Clinical Guideline Review
American Society of Hematology 2020 Guidelines for Sickle Cell Disease: Transfusion Support
Author(s): Stella T. Chou, Mouaz Alsawas, Ross M. Fasano, Joshua J. Field, Jeanne E. Hendrickson, Jo Howard, Michelle Kameka,
Janet L. Kwiatkowski, France Pirenne, Patricia A. Shi, Sean R. Stowell, Swee Lay Thein, Connie M. Westhoff, Trisha E. Wong, and Elie A. Akl
DATE OF PUBLICATION: JANUARY 2020 | DATE OF REVIEW: JULY 30, 2020
Citation: Blood Advances 28 January 2020 Volume 4, Number 2, 327-355
Method of Review: A subcommittee of the Evidence-Based Practice and Research Committee of the Association of Pediatric Hematology/Oncology Nurses conducted a group review of the clinical recommendations using the AGREE II criteria1. The committee had an overall assessment of approval for endorsement.

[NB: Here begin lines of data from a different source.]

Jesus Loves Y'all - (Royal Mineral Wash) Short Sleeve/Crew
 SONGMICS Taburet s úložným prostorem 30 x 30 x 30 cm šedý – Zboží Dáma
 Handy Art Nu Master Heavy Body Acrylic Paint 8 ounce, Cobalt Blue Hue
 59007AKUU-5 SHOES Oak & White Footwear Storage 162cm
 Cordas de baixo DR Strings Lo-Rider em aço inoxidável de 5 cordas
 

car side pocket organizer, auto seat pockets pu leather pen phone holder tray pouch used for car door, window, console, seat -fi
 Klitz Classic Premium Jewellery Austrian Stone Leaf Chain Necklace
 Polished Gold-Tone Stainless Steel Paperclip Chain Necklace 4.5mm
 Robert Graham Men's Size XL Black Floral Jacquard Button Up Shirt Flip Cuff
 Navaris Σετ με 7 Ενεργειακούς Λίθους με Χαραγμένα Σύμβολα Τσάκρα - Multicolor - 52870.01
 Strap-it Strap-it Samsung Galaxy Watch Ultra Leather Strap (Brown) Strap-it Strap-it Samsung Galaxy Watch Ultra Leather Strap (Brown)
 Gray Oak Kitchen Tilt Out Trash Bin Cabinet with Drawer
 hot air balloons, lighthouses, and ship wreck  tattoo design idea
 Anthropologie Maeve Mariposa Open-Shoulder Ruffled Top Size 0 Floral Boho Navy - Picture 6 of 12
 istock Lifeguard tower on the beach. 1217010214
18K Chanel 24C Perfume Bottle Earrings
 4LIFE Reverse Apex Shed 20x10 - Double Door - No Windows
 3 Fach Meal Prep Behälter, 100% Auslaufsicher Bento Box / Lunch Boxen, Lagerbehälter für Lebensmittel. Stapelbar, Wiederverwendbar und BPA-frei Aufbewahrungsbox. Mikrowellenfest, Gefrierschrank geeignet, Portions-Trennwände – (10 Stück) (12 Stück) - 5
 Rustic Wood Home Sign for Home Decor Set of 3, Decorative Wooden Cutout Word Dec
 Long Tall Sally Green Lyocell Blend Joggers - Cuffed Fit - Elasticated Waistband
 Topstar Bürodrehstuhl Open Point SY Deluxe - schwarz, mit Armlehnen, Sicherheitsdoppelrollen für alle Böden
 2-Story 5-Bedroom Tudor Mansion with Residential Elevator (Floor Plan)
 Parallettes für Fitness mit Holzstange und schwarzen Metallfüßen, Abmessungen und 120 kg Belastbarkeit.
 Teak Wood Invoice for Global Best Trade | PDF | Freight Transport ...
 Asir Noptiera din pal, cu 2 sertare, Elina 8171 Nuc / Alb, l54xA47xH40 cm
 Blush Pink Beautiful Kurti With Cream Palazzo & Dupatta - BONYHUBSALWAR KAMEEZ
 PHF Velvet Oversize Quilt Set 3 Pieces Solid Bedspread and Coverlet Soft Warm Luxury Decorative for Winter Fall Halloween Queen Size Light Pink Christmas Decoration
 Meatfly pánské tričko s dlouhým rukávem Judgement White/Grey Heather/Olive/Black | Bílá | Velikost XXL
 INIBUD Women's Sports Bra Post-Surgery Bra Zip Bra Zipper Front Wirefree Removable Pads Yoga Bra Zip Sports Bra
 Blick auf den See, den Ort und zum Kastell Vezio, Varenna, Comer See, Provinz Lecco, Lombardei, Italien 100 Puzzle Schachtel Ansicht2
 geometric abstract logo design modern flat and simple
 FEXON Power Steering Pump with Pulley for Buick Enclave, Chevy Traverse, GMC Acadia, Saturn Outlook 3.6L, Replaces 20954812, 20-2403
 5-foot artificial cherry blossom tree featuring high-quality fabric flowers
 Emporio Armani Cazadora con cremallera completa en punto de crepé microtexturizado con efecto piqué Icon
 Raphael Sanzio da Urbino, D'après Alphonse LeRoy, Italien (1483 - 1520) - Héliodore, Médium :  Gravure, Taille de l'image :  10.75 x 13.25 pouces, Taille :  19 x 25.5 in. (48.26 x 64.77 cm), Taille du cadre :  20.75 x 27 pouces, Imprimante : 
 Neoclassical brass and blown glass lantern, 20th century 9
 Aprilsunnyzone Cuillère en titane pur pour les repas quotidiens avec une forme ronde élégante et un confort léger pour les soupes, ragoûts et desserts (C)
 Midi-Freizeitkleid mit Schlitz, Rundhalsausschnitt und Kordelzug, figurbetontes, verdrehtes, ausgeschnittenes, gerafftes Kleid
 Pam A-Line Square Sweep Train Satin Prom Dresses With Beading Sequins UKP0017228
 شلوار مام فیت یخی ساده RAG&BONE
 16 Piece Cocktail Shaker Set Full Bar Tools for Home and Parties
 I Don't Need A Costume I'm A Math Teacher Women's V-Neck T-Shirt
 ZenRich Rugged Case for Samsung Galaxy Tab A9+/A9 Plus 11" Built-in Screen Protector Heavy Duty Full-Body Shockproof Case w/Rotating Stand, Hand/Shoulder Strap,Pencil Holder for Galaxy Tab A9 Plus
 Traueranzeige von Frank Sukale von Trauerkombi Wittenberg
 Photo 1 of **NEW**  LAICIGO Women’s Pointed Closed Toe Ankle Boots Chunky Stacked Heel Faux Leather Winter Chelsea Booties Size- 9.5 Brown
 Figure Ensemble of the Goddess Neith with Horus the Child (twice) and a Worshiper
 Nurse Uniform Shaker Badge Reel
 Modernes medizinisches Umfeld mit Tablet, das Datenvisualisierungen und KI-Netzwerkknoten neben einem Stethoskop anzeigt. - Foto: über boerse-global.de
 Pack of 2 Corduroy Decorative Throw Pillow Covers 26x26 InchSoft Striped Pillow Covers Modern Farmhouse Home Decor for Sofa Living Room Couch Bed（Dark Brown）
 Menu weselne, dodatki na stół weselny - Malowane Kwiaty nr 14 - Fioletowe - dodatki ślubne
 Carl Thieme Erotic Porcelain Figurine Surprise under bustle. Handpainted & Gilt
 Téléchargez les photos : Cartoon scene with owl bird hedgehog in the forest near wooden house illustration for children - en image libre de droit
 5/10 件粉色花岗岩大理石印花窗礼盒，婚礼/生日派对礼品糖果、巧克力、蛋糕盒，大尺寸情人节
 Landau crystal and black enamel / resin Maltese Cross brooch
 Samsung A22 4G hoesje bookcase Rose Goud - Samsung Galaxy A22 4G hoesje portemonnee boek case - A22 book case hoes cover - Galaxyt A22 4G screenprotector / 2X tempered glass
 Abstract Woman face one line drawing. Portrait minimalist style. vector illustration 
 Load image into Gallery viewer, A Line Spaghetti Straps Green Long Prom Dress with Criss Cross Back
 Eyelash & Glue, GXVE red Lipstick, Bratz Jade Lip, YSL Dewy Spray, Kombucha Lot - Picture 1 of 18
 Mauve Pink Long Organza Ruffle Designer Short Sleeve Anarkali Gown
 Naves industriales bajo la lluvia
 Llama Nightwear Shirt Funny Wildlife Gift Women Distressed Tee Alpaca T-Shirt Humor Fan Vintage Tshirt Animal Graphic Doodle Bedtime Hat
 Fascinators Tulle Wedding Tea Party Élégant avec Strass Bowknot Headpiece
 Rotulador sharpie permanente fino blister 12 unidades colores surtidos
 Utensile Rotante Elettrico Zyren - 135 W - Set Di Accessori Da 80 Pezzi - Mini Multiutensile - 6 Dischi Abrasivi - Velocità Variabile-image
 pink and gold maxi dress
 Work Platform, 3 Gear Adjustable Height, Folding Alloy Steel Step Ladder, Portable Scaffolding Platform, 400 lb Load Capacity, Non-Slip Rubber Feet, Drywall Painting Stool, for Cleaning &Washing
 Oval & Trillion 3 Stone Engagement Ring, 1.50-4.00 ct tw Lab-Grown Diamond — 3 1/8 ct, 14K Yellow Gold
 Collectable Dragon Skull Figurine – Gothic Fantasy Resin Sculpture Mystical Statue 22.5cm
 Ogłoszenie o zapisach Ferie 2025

Review Summary: These are high-quality guidelines that followed the most recent methods to search and appraise evidence. The recommendations are clear; they include some limitations. Despite not being exclusive for the pediatric population, a significant part of the evidence considered were studies that enrolled children—besides, some members of the panel work in Pediatrics. The recommendations may not directly cover nursing practice. The only reservation is that they are almost all suggested recommendations with low certainty evidence. Despite the lack of evidence, the guidelines are valuable for the care of SCD patients because these patients are vulnerable to frequent transfusion-related complications. As suggested by the authors, some adaptations might be considered, such as the reality of a specific clinical setting, local resources, institutional policies, and the availability of treatments.
Recommendation for Use: Recommend for endorsement.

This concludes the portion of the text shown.